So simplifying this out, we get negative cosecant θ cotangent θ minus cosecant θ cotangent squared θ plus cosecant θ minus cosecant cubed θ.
---
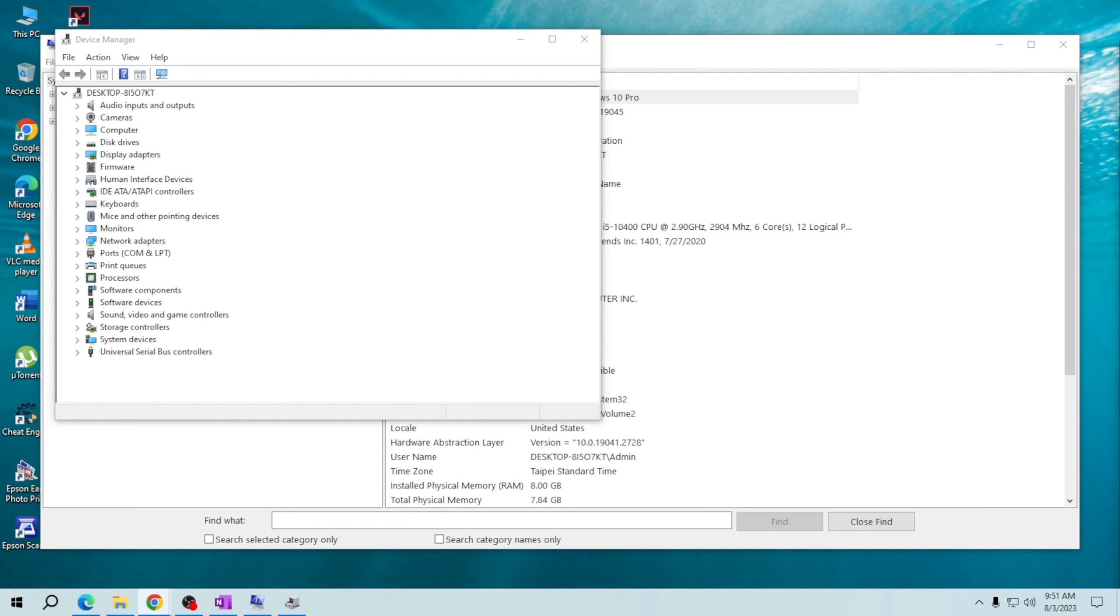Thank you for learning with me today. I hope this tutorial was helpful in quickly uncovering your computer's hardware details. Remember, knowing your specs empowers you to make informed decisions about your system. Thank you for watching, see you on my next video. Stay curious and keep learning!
--
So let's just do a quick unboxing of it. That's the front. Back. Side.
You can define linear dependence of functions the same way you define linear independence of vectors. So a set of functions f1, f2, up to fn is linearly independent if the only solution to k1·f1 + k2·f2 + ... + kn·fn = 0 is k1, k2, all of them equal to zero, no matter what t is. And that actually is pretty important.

■ **WHAT TO PRODUCE**
Print, without alteration, only the lines above between the one holding "So let's just" and the one holding "You can define", inclusive.

■ **ANSWER TO THE EXERCISE**
So let's just do a quick unboxing of it. That's the front. Back. Side.
You can define linear dependence of functions the same way you define linear independence of vectors. So a set of functions f1, f2, up to fn is linearly independent if the only solution to k1·f1 + k2·f2 + ... + kn·fn = 0 is k1, k2, all of them equal to zero, no matter what t is. And that actually is pretty important.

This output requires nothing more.